***** Provided information *****
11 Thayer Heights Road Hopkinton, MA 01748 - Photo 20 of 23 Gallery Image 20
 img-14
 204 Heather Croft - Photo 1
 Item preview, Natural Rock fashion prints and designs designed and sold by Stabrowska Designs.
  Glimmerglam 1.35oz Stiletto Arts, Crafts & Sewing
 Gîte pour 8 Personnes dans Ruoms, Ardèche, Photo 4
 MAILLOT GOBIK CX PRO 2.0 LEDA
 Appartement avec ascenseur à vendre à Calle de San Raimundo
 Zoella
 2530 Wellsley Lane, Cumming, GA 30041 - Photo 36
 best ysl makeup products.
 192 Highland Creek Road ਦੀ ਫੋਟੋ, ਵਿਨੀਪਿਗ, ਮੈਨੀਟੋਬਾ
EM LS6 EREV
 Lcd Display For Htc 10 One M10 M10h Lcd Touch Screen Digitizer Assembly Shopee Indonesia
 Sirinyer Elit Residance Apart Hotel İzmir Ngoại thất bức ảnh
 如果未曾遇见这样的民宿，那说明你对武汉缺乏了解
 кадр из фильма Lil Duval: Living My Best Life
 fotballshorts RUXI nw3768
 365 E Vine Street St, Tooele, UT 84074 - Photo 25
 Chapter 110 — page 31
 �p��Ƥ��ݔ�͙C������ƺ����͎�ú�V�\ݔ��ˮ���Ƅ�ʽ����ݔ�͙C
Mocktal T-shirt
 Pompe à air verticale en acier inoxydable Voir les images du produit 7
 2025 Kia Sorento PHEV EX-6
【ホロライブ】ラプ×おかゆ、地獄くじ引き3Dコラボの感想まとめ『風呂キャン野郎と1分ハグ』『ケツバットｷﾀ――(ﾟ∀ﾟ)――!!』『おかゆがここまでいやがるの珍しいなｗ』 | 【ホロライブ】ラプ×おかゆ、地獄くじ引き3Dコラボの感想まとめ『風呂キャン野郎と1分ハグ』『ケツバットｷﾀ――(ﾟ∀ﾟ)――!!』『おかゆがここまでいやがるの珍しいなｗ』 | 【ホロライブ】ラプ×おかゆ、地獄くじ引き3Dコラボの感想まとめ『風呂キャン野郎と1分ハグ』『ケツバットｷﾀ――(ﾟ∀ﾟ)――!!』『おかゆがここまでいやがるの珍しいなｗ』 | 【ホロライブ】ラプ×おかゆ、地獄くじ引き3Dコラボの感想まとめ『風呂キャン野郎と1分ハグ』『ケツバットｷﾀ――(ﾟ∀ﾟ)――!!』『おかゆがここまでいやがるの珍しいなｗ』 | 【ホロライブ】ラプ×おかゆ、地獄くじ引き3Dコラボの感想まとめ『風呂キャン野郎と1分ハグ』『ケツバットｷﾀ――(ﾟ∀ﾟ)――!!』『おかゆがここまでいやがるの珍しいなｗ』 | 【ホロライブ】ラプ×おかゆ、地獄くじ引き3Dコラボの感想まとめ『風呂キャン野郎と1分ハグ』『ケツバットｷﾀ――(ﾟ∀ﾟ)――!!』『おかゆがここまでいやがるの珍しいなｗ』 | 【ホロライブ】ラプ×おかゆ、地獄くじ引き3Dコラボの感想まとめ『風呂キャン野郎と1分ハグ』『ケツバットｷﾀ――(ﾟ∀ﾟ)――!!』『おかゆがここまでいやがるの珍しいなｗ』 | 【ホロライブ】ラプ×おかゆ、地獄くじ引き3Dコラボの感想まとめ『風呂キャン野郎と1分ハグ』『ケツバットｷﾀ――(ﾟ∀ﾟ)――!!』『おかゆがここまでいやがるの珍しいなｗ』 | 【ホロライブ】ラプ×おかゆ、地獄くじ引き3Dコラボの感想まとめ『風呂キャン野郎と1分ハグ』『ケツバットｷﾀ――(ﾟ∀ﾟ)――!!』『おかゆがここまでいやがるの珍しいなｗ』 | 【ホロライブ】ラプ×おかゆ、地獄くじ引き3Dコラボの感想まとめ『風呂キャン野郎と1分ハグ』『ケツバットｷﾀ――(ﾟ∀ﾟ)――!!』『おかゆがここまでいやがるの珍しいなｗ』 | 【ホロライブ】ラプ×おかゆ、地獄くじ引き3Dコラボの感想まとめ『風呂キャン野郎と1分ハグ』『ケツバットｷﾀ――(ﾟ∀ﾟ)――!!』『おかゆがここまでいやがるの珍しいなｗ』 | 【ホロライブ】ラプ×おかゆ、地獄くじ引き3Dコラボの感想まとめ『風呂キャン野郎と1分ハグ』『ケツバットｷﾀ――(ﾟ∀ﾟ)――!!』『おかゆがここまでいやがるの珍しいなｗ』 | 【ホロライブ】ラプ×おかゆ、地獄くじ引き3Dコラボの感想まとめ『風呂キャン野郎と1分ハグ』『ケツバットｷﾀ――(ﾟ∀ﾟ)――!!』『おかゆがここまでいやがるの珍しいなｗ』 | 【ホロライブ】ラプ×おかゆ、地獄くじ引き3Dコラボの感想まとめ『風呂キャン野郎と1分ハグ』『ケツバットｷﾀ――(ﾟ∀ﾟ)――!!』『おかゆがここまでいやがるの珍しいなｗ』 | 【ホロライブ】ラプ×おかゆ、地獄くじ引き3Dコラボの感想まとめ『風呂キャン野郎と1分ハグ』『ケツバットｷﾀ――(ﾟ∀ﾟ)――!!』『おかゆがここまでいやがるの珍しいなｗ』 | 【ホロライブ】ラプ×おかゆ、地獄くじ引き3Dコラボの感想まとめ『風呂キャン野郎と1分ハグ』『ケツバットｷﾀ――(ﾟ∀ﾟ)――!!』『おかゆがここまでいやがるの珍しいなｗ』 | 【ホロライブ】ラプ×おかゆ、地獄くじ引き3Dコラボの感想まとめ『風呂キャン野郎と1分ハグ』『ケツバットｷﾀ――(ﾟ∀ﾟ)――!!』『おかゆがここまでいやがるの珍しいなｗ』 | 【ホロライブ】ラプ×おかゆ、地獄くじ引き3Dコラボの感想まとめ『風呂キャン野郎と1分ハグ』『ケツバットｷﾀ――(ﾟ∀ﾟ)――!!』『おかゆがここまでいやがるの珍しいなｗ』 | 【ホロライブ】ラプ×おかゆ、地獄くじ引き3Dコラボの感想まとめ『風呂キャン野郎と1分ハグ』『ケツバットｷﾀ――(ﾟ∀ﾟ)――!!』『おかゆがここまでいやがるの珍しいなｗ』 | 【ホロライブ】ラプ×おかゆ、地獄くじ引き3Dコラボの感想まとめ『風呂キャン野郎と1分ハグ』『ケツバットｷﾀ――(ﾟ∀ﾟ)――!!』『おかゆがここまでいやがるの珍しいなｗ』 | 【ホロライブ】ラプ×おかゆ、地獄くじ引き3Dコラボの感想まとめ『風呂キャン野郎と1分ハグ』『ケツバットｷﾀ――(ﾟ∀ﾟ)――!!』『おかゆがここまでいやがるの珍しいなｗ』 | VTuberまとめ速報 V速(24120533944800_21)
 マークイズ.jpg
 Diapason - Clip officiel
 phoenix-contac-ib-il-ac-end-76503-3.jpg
*****
**Exercise requirements:** Transcribe verbatim. Cover the lines from the first line of the entries above to the line containing "Glimmerglam 1.35oz Stiletto", inclusive.

**Task result:**
11 Thayer Heights Road Hopkinton, MA 01748 - Photo 20 of 23 Gallery Image 20
 img-14
 204 Heather Croft - Photo 1
 Item preview, Natural Rock fashion prints and designs designed and sold by Stabrowska Designs.
  Glimmerglam 1.35oz Stiletto Arts, Crafts & Sewing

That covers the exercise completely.